Word of the Day: Drawer
This word, used twenty-two times (including the stage directions) in Shakespeare’s works, does not refer to a piece of furniture, but rather a profession. You would, in the fifteenth and sixteenth centuries, find drawers in a tavern, drawing. Mercutio, in Romeo and Juliet, puns on the many meanings of the verb.
MERCUTIO Thou art like one of these fellows that, when he enters the confines of a tavern, claps me his sword upon the table, and says ‘God send me no need of thee!’ and by the operation of the second cup draws him on the drawer, when indeed there is no need.
The ‘drawer’, of course, refers to the barman, the ‘tapster’, who – as the OED puts it – “draws liquor for customers”. Mercutio’s banter with Benvolio puns on the differing situations of drawing a sword and drawing a pint: strangely, his is the only use of the word that does not occur in a scene with Falstaff, another character very able to distinguish between swords and beverages.
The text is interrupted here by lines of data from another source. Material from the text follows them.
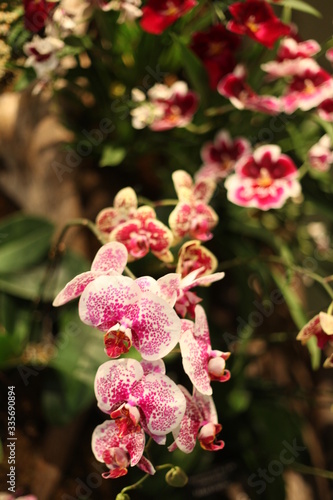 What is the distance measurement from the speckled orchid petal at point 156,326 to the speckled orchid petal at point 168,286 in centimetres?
3

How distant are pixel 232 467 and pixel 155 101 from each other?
0.77m

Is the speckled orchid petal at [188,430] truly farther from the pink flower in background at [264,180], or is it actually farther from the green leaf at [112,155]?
the green leaf at [112,155]

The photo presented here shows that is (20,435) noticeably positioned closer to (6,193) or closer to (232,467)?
(232,467)

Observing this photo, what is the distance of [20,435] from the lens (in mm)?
942

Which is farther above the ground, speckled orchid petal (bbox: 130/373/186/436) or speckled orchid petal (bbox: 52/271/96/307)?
speckled orchid petal (bbox: 52/271/96/307)

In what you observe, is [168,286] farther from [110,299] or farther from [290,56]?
[290,56]

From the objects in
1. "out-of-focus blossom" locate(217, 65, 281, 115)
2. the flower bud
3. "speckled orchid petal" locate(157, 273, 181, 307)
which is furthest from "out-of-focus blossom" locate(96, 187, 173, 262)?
"out-of-focus blossom" locate(217, 65, 281, 115)

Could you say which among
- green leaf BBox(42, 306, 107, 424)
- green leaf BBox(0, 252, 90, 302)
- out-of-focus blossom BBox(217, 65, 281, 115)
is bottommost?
green leaf BBox(42, 306, 107, 424)

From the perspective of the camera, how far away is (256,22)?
35.8 inches

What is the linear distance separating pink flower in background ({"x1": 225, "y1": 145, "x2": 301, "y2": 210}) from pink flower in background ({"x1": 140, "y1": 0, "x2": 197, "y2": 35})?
0.27 metres

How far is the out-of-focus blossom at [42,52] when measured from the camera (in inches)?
33.7

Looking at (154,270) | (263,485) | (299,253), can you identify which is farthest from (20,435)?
(299,253)

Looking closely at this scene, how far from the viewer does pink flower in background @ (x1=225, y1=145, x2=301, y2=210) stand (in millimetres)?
932

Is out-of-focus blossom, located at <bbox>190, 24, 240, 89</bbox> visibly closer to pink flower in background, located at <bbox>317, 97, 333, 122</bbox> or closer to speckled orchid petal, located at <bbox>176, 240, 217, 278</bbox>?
pink flower in background, located at <bbox>317, 97, 333, 122</bbox> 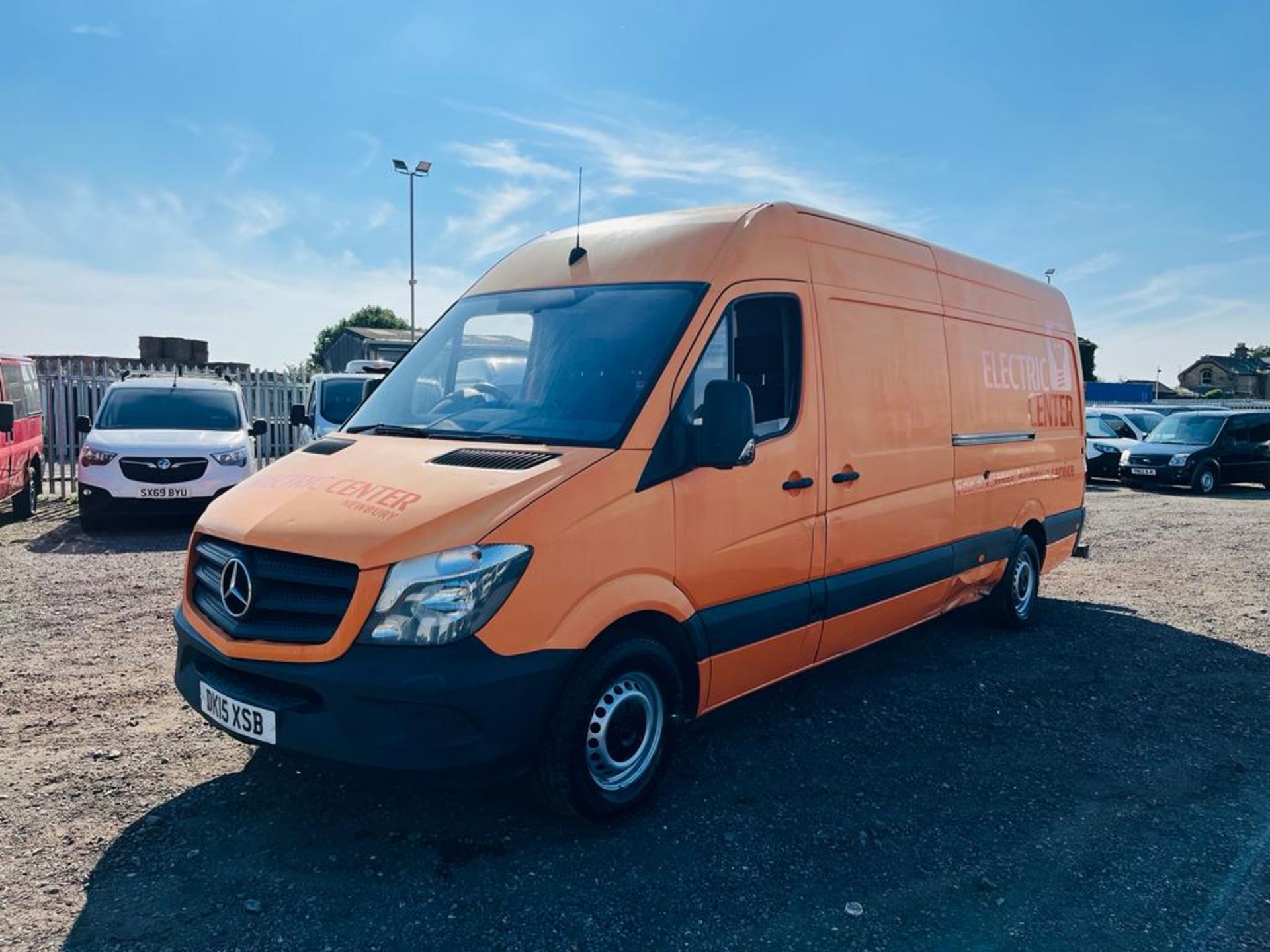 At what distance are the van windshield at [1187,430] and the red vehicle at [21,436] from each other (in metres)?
20.8

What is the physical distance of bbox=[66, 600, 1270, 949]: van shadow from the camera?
3.07m

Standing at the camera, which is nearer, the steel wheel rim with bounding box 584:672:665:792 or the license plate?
the license plate

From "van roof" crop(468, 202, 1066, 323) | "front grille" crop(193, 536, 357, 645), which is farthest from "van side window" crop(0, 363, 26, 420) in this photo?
"front grille" crop(193, 536, 357, 645)

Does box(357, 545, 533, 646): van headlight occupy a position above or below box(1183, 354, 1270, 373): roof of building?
below

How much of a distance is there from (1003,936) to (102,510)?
10559mm

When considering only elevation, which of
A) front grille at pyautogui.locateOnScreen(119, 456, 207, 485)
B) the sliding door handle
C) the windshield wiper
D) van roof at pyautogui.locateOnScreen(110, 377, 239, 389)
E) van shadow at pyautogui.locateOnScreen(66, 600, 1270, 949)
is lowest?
van shadow at pyautogui.locateOnScreen(66, 600, 1270, 949)

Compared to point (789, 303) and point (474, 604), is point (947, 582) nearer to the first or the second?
point (789, 303)

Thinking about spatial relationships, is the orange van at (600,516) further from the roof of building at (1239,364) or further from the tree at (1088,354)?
the roof of building at (1239,364)

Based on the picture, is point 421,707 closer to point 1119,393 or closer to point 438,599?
point 438,599

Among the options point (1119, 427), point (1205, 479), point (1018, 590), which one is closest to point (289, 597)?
point (1018, 590)

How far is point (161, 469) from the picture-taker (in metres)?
10.5

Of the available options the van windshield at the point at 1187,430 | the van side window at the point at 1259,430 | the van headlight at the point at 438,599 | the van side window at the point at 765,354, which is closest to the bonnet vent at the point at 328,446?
the van headlight at the point at 438,599

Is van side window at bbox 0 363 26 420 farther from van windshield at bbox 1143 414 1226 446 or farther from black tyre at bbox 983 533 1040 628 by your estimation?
van windshield at bbox 1143 414 1226 446

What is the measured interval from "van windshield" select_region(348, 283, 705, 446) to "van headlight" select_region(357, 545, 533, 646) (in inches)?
30.7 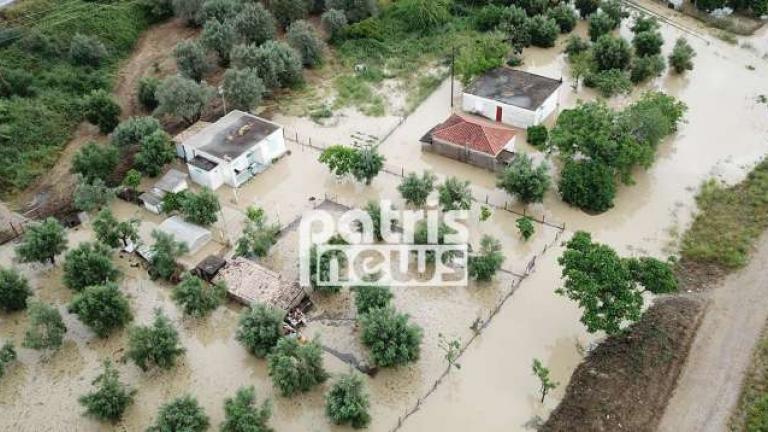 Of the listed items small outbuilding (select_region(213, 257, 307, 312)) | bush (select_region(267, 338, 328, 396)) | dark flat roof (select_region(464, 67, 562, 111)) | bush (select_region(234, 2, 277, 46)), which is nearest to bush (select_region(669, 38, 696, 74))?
dark flat roof (select_region(464, 67, 562, 111))

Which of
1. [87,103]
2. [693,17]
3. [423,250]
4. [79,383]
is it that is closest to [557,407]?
[423,250]

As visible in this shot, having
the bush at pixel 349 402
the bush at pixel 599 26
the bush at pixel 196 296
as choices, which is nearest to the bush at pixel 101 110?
the bush at pixel 196 296

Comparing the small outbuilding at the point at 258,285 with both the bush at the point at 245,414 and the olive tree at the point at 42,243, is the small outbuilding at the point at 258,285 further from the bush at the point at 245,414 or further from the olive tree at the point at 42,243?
the olive tree at the point at 42,243

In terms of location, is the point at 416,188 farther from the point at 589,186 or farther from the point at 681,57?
the point at 681,57

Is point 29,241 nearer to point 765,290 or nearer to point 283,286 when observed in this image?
point 283,286

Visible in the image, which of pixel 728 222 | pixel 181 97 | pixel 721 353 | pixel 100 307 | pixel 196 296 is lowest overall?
pixel 728 222

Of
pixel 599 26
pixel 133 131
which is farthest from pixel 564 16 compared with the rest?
pixel 133 131

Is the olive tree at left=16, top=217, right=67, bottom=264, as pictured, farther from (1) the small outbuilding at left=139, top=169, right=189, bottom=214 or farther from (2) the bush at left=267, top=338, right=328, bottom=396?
(2) the bush at left=267, top=338, right=328, bottom=396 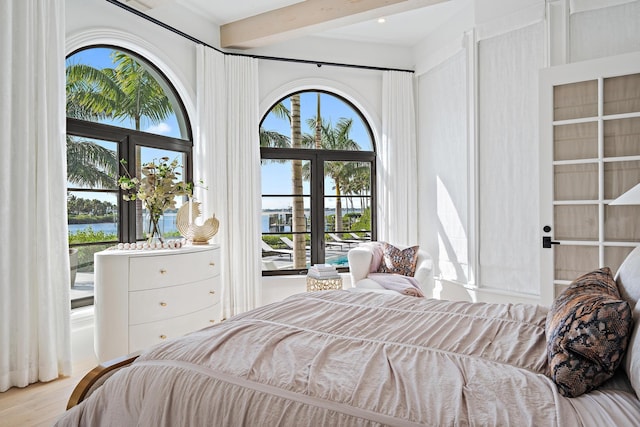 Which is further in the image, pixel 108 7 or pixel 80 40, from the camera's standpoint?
pixel 108 7

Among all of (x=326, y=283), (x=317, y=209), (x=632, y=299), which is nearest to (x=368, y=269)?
(x=326, y=283)

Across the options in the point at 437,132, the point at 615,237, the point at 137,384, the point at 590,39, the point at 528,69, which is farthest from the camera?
the point at 437,132

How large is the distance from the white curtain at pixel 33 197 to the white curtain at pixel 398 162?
10.9ft

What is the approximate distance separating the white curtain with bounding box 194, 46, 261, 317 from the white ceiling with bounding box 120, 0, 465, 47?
424 mm

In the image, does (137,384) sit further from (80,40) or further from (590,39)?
(590,39)

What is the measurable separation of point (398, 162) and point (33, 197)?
3.65m

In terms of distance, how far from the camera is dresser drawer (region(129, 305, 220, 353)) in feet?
9.39

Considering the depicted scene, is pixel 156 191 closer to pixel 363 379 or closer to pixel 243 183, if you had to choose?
pixel 243 183

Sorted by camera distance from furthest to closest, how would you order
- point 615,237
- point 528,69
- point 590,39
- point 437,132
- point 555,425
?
point 437,132 → point 528,69 → point 590,39 → point 615,237 → point 555,425

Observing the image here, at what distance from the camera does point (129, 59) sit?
3604 millimetres

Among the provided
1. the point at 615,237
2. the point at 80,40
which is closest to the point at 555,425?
the point at 615,237

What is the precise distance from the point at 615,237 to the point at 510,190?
0.93m

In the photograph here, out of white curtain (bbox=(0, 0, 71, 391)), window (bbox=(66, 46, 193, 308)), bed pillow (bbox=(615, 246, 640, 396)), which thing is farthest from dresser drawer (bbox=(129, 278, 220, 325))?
bed pillow (bbox=(615, 246, 640, 396))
That said, it is not Falstaff who speaks about drawers in these scenes, but rather his royal companion, Prince Hal.
PRINCE. I have sounded the very base-string of humility. Sirrah, I am sworn brother to a leash of drawers; and can call them all by their Christian names, as, Tom, Dick, and Francis. They take it already upon their salvation, that though I be but Prince of Wales, yet I am the king of courtesy; and tell me flatly I am no proud Jack, like Falstaff, but a corinthian, a lad of mettle, a good boy,–by the Lord, so they call me;–and, when I am King of England, I shall command all the good lads in Eastcheap.
For Hal, the drawer is more than an unremarkable figure useful for a pun but nor more like he is for Mercutio. Instead, the drawer represents another world, that the young prince enters into with both a wry smile and an eye on his future role as king. This speech occurs early in Henry IV Part I, and is paralleled by another episode in Part II where Hal and Poins disguise themselves as Drawers to trick Falstaff. This comic venture then becomes more serious when Hal becomes King Henry and, on the eve of Agincourt, once more alters his dress and blends in with the common people, culminating with his dawn meditation on “ceremony”. That great speech has its roots here in the tavern, where the prince’s fascination with the many echelons of society, the trappings of a profession and the “Tom, Dick and Francis” beneath them, begins with “a leash of drawers”.